I've been reading this paper on ELMo word representations.
For context, here's my understanding of the standard bi-directional language model (biLM) thus far:
Given a sequence of tokens $(t_{1}, t_{2}, ..., t_{N})$ we seek to compute the probability of the sequence by estimating the probability of observing each token given the sequence, or $p(t_{k}|(t_{1}, t_{2}, ..., t_{N}))$.

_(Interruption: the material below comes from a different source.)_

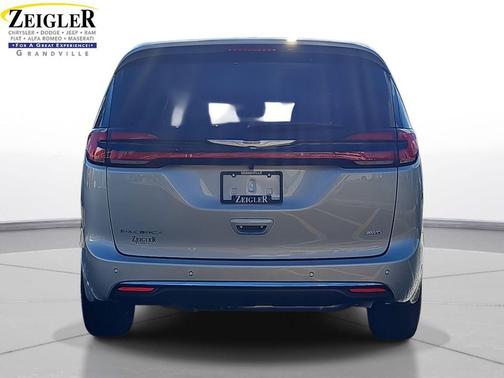 2026 Chrysler Pacifica L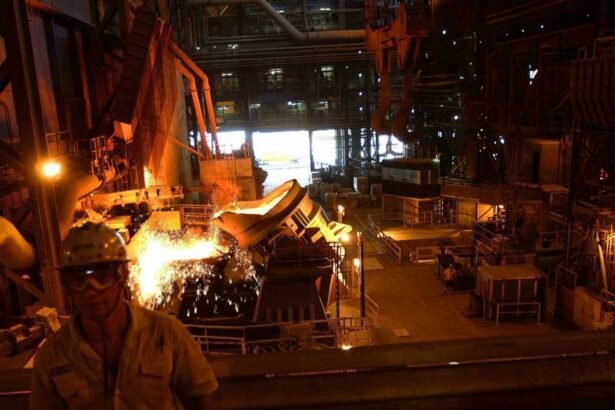 Indústria tenta barrar alta na taxação do aço importado - 18/04/2024 - Mercado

Specifically, we seek to maximize the joint log-likelihood function of the forward and backward directions: $$ \sum^{N}_{k=1}(\space \log \space p(t_{k} | t_{1},...,t_{k−1};Θ_{x}, Θ_{LSTM}^{\rightarrow},Θ_{s}) + \log \space p(t_{k} | t_{k+1},...,t_{N};Θ_{x}, Θ_{LSTM}^{\leftarrow},Θ_{s})\space) $$
Where $Θ_{x}$ computes a context-independent representation $x_{k}$ for each $t_{k}$, passes it to intermediate layers $Θ_{LSTM}^{\rightarrow}$ and $Θ_{LSTM}^{\leftarrow}$, which then pass their output to softmax layer $Θ_{s}$.
My question is: how do we find context independent token representations $x$ in layer $Θ_{x}$? I'm unclear on that point.